Update Oct 14.
In keeping with my practice of only passing primitives to DelayedJob to mitigate serialization errors, I made transfer_and_cleanup a static method that accepts a Document ID, rather than an instance method on Document. The new code has been inserted below.
I’ve been in the dev game for about 15 years, and for whatever reason I always seem to end up needing the ability to handle user-generated content, i.e. uploads. Back in the day, I used attachment_fu, then transitioned to Paperclip and have stuck with it ever since. Other than a few sketchy point releases, Paperclip has progressed remarkably well and is a solid, reliable solution for handling uploads.
The Paperclip S3 workflow generally looks like this:
- Server saves the file to a tmp directory and processes it if necessary
- File is transferred to S3 and deleted out of tmp
Makes sense, right?
Except for the timeouts that occur when your users have crap connections, or if dealing with very large files.

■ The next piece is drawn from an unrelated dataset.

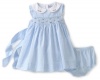 Hartstrings Baby-Girls Infant Seersucker Flutter Sleeve Dress, Blue Stripe, 18 Months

Then there are the platform considerations: Heroku has an explicit 30 second http timeout, and while Engine Yard is as configurable as you want it to be, I have personally seen unresolvable issues with this workflow when uploading files in the hundreds of megabytes.
Not to mention you’re making your users wait for two uploads to complete. Again, with larger files, this ends up being pretty gross.
So what’s the answer?
Upload files directly to S3, skipping the middleman and all the associated hassles. Easy right? There are many articles out there that detail how to do just this, but they generally stop short of detailing the full upload lifecycle.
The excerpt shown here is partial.